Comme dans Gilda (autre grand polar d’un réalisateur peu illustre), la femme fatale de Jean Negulesco se révèle progressivement femme sensible, mais non pas faible – voir pour cela le concours très suggestif au bowling, où la femme fait semblant de n’y rien connaître pour enfin abattre un strike en se frottant les mains, ou la scène de la baignade improvisée (le maillot de bain de Lily étant composé, selon son compagnon, de seulement « quelques nœuds »). Ida Lupino n’a pas été estampillée « cinéaste féministe », quelques années plus tard, pour rien… Où est l’homme dans ce cas ? Pas forcément bien reluisant, il est soit honnête et donc quelque peu ennuyeux (Cornel Wilde, qui se faisait déjà manger tout cru par Gene Tierney dans Péché mortel), soit totalement psychopathe. On retrouve ici avec délice le très jeune Richard Widmark, déjà marqué par son effrayant rictus lorsqu’il poussait une femme en chaise roulante dans les escaliers de son premier film (Kiss of Death, 1947) et qui, ici, poursuit de son affection quelque peu sanglante une Lily rien moins que motivée, mais qui n’a pas dit son dernier mot.
Pour dépasser son scénario aux rebondissements quelque peu invraisemblables (le procès et la mise sous tutelle de l’amant par le rival jaloux…) et au happy-end obligé, Jean Negulesco se fend d’une esthétique à la démesure du film noir, laissant planer sur ses personnages l’atmosphère oppressante des plans resserrés sur les visages, des cadres où les personnages apparaissent et disparaissent, l’un au premier plan, l’autre à l’arrière, des contre-plongées expressionnistes, de l’obscurité sans cesse plus envahissante. Il bénéficie surtout d’un chef opérateur hors pair, Joseph LaShelle, qui travailla avec Preminger, Lubitsch et Billy Wilder, et transforma par son talent la scène finale de La Femme aux cigarettes d’une simple course poursuite en une véritable et haletante lutte pour la survie dans le cadre d’une jungle sombre et inhospitalière…

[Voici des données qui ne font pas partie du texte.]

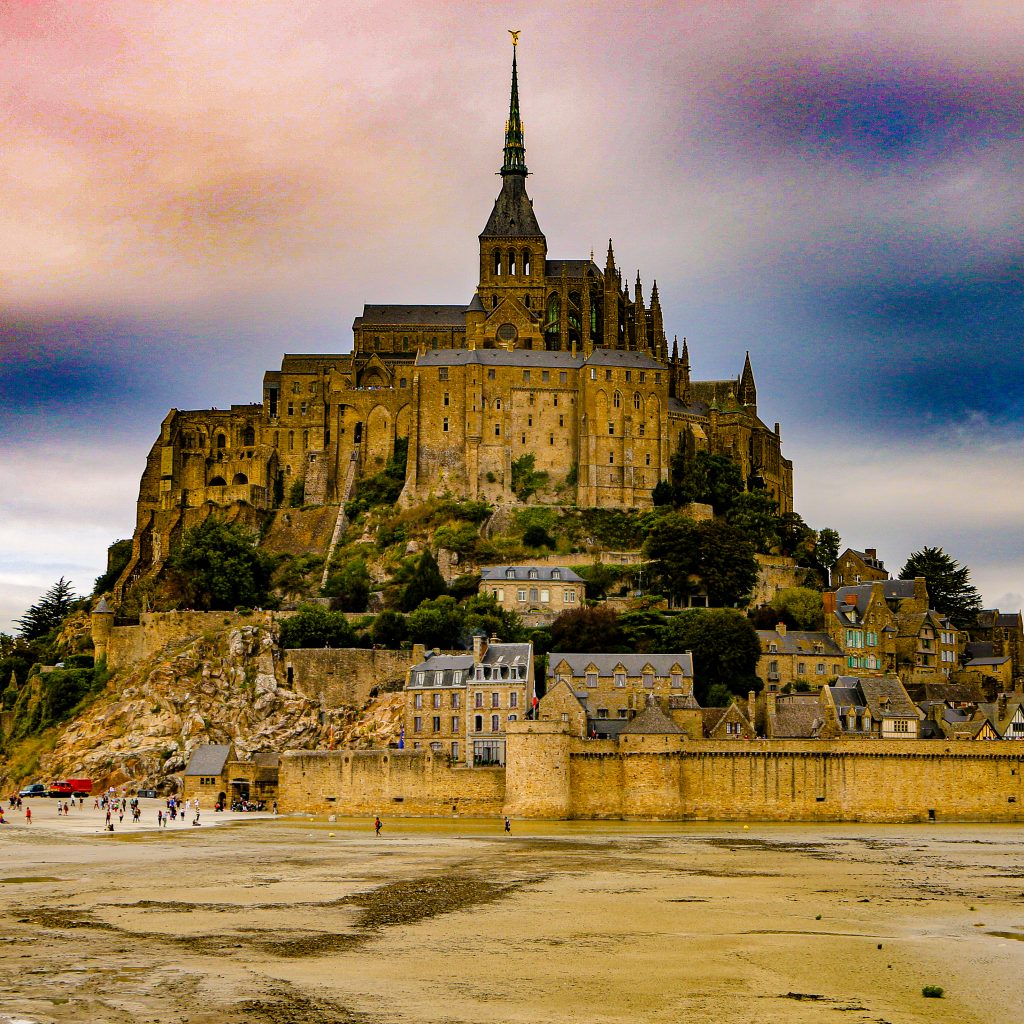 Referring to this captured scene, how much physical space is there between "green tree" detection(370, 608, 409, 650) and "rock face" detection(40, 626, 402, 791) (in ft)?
16.8

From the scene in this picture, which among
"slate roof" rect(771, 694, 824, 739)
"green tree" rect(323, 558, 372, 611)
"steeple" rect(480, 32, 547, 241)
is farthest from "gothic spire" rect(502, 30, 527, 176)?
"slate roof" rect(771, 694, 824, 739)

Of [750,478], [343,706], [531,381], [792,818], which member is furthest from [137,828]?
[750,478]

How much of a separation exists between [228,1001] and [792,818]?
3779 centimetres

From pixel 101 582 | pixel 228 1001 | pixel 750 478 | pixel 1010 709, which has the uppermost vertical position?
pixel 750 478

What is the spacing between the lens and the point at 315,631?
72.1 metres

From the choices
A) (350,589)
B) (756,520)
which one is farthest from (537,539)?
(756,520)

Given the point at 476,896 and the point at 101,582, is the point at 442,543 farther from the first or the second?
the point at 476,896

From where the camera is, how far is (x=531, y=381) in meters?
90.4

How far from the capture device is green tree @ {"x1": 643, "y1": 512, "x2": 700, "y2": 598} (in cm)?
7744

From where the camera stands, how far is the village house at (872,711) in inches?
2425

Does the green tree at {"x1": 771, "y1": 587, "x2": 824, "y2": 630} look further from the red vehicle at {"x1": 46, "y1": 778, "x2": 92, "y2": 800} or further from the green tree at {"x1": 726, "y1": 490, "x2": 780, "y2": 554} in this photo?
the red vehicle at {"x1": 46, "y1": 778, "x2": 92, "y2": 800}

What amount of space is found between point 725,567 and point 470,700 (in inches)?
864

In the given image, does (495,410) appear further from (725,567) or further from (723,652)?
(723,652)

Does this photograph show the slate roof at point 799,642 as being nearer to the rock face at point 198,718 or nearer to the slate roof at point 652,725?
the slate roof at point 652,725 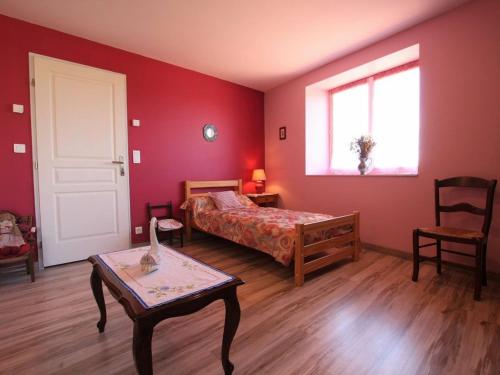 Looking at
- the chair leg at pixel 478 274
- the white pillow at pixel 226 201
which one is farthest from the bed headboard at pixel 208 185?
the chair leg at pixel 478 274

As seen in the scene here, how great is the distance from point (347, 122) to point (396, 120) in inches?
29.8

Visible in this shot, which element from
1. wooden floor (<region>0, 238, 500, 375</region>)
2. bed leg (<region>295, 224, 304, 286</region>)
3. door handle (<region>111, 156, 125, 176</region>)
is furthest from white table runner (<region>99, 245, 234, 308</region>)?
door handle (<region>111, 156, 125, 176</region>)

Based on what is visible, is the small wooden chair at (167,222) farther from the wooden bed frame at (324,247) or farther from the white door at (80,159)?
the wooden bed frame at (324,247)

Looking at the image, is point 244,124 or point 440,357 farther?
point 244,124

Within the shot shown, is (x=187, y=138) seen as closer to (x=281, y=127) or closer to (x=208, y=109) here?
(x=208, y=109)

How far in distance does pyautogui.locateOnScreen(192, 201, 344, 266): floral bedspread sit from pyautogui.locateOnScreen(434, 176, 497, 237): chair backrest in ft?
3.43

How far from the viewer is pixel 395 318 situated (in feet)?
5.59

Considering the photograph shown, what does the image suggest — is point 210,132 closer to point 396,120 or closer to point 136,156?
point 136,156

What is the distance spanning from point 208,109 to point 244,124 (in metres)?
0.74

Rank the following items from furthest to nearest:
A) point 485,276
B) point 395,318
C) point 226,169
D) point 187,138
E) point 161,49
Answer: point 226,169 < point 187,138 < point 161,49 < point 485,276 < point 395,318

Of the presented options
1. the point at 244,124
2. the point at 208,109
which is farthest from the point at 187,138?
the point at 244,124

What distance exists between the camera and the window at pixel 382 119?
3117 mm

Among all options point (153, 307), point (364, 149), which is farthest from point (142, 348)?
point (364, 149)

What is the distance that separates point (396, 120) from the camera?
3258mm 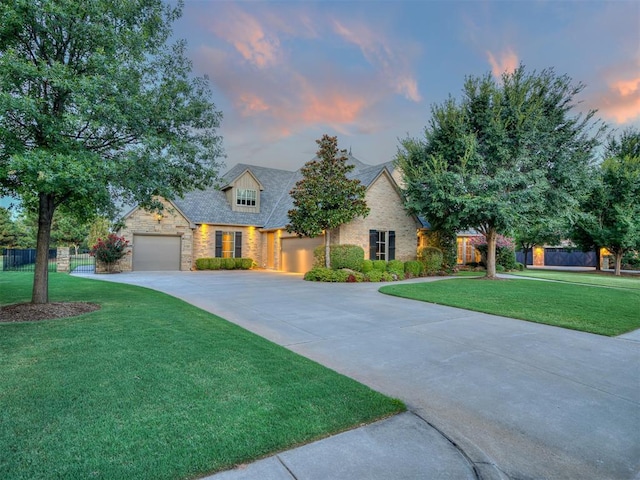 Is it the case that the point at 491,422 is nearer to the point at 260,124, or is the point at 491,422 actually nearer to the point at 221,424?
the point at 221,424

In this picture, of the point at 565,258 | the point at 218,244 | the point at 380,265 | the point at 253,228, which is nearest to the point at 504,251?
the point at 380,265

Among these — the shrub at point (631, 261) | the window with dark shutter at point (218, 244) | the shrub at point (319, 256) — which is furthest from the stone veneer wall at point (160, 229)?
the shrub at point (631, 261)

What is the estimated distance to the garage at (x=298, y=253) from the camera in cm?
1941

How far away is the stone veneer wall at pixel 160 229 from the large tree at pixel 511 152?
579 inches

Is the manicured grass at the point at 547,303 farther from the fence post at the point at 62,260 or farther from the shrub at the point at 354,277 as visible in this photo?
the fence post at the point at 62,260

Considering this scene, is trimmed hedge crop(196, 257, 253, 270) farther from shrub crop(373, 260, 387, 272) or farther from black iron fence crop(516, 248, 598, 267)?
black iron fence crop(516, 248, 598, 267)

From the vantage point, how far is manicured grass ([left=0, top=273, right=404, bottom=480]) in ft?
8.09

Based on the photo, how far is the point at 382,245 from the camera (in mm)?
18938

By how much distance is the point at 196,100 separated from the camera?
27.7 ft

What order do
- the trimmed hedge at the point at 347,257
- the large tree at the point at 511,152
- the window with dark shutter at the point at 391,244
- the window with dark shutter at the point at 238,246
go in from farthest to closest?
1. the window with dark shutter at the point at 238,246
2. the window with dark shutter at the point at 391,244
3. the trimmed hedge at the point at 347,257
4. the large tree at the point at 511,152

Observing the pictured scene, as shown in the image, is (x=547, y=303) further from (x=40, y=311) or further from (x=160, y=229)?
(x=160, y=229)

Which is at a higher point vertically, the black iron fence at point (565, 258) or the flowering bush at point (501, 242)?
the flowering bush at point (501, 242)

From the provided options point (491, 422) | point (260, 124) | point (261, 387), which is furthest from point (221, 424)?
point (260, 124)

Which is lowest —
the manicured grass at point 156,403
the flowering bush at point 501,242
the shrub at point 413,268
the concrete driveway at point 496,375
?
the concrete driveway at point 496,375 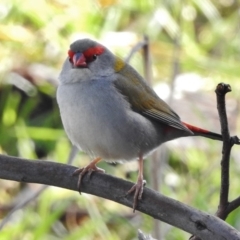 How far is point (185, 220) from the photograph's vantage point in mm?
1767

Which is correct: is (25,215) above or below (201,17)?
below

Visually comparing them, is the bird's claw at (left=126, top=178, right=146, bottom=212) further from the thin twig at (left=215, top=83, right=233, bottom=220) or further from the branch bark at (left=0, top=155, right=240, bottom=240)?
the thin twig at (left=215, top=83, right=233, bottom=220)

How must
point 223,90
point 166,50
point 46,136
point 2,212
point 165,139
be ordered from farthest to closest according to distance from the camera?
point 166,50
point 46,136
point 2,212
point 165,139
point 223,90

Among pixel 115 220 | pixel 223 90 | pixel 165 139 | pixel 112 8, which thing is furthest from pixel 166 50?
pixel 223 90

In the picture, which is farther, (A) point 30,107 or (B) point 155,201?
(A) point 30,107

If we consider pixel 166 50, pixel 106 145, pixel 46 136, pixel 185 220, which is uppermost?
pixel 166 50

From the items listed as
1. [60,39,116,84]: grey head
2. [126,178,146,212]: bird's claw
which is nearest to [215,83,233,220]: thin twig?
[126,178,146,212]: bird's claw

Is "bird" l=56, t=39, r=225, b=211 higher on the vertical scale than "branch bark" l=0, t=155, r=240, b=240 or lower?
higher

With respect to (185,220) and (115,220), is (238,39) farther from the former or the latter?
(185,220)

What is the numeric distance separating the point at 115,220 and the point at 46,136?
2.59 feet

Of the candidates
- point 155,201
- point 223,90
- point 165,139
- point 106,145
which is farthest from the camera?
point 165,139

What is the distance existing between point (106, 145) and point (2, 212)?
1.64 m

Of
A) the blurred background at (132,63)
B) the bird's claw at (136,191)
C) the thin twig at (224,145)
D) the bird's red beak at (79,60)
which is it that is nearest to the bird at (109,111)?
the bird's red beak at (79,60)

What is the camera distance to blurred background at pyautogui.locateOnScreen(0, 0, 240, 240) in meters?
3.79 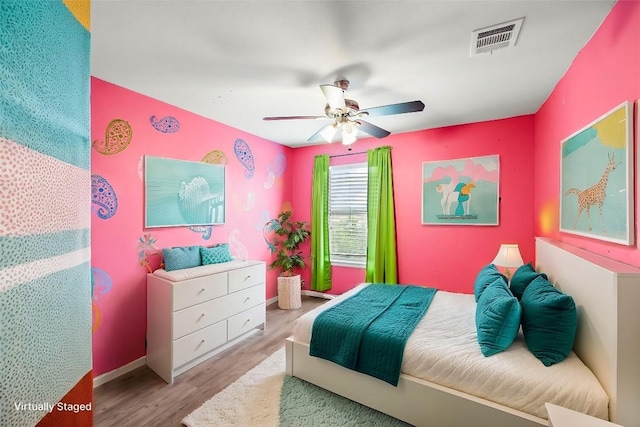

Lily Stevens, remarquera le spectateur averti et le tabacophobe notoire, abandonne progressivement son addiction, par amour peut-être, mais certainement plus comme un clin d’œil. Dans ce monde de brutes qu’est le film noir hollywoodien, l’épouse modèle n’est rien moins qu’honnête et n’est pas toujours femme fatale celle que l’on croit.